> **Source material**
# # #
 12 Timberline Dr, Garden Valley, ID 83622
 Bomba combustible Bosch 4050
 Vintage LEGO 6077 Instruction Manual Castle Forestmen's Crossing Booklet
# # #
> **Assigned task**
Look for the line that contains "Bomba combustible Bosch 4050" in the listing above. Set down that line and each line after it, ending with the last one.

> **Written solution**
 Bomba combustible Bosch 4050
 Vintage LEGO 6077 Instruction Manual Castle Forestmen's Crossing Booklet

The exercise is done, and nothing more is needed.